輸入物価には一部多少の上昇が見られることは2月13日付のブログでも触れましたが、国内発の物価上昇要因が消えて来た事で、ここ当分消費者物価は沈静傾向を続けるものと思われます。
昨年秋まで加工食品、飲料、日用品などいわゆる生活必需品の価格上昇の波が激しかった原因は、下の図をご覧いただくと解るような気がします。
消費者物価主要3指数の対前年上昇率の推移(%)
資料:総務省統計局「消費者物価指数」
そうした品目が中心の「生鮮食品とエネルギーを除く総合指数」(緑色の線)が2021年から22年初めにかけてコロナによる消費不振で値上げできずに我慢した利益圧縮の取り返しをかけて22年から23年にかけて一斉に波状値上げに動いたことが大きかったように思います。

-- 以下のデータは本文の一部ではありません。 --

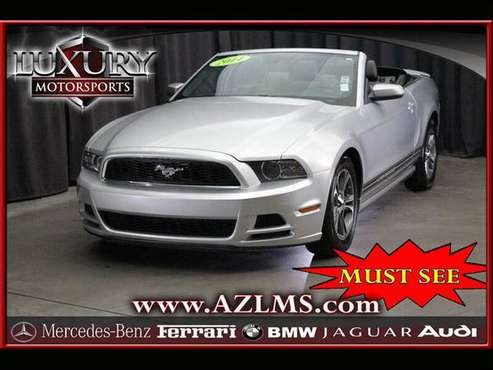 15647A - 2014 Ford Mustang V6 Convertible Get Approved Online! for sale in Phoenix, AZ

この動きは昨年秋から、もうこの辺でっという事でとなったのでしょう。
「総合」や「生鮮食品を除く総合」が2023年2月に大きく下げているのは政府の電力ガスなどへの補助金のせいです。今後補助金が消えれば3本の線は収斂に向かうでしょう。
という事で、改めて2021年からの、輸入物価の上昇の中での日本の消費者物価の推移を見ますと下図です。
消費は物価3指数の推移
資料:上に同じ
日本は資源輸入国で、資源などの輸入物価の上昇分は結果的に国民が負担する事が比較的整然と行われます。これは1973年の第一次石油危機の経験から学んだ結果です。
アメリカやヨーロッパの様に海外物価の上昇率を国内価格にも賃金にも転嫁しようという動きは小さく、国内価格は輸入価格のようには上がりません。輸入物価上昇に対応する便乗値上げも便乗賃上げも大きくならず、物価上昇は合理的な範囲で収まるようです。
その結果、アメリカやヨーロッパの様に、輸入インフレの激化を金利引上げで抑えようといった政策は必要ないのです。
結果的に国際競争力が強くなるのに、更に円安になるといった困ったことが起きます。
欧米は金融引締めで物価を抑え、日本は賃上げをして物価を引き上げて彼我のギャップを小さくする必要があるのでしょう。今春闘で労使とも、更に政府も高めの賃上げをというのもその結果でしょう。
日本が少しづつ賃金インフレを起こして問題解決に近づいていくのではないでしょうか。